June 16, 2010
A new lightweight ceramic armour solution unveiled at this week’s 2010 Eurosatory defence exhibition in Paris is designed to provide enhanced protection for helicopters, aircraft and ground vehicles.
This protection is based on a ceramic composite manufacturing method developed with the EADS Innovation Works in Germany, which utilises an automated thermal spraying process to build up the armour on a backing plate.
The spraying procedure provides complete and seamless coating of all surfaces, including curved and spherical-shaped components. In addition to a weight reduction of 30-40 per cent compared to rolled homogenous armour steel, the ceramic armour’s seamless application eliminates the joints that occur with the use of ceramic tiles – further increasing protection effectiveness by eliminating areas of vulnerability.
The ceramic armour development panel exhibited at Eurosatory – which is sized for use in the CH-53 helicopter’s engine bay – illustrates its successful protection against a 7.62 mm. armour piercing round.
The new ceramic armour solution is well suited to provide protection against armour piercing ammunition on aircraft/helicopter systems and components such as engines, hydraulics and electronics, along with gearing and swashplates. On military ground-based vehicles, the lightweight armour can be used at weapons stations and for sensors, as well as add-on protection for civilian vehicles.

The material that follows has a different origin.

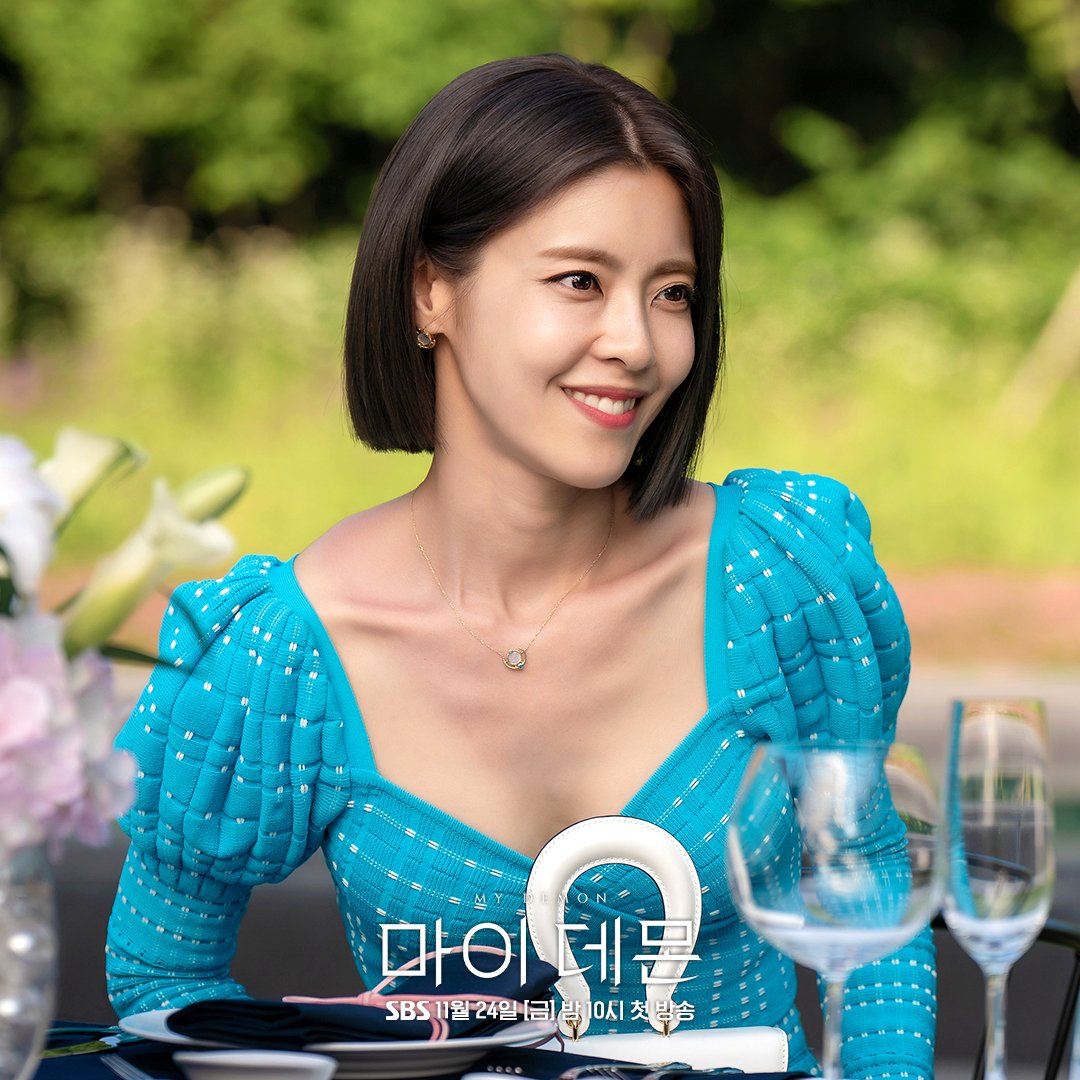 Diễn viên Lee Yoon Ji được khán giả biết đến qua các phim Gia Tộc Họ Wang, The King 2 Hearts, Dream High, Hoàng Cung,...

Exhibited at Eurosatory is an example of the lightweight ceramic armour on helicopters: a curved protective panel for the engine bay on the CH-53 heavy-lift rotary-wing aircraft.
For this panel – which would be located between the engine and the external cowl – the ceramic armour protection was applied to a relatively thin ballistic steel backing, and covered by an aramid/carbon fibre top-level fabric. The panel successfully demonstrated its capabilities by protecting against a 7.62 mm. armour-piercing round, with the ceramic armour eroding the round’s core, and the steel backing effectively preventing penetration. The top-level fabric layer kept the cracked ceramic protection in place, avoiding the dispersion of splinters.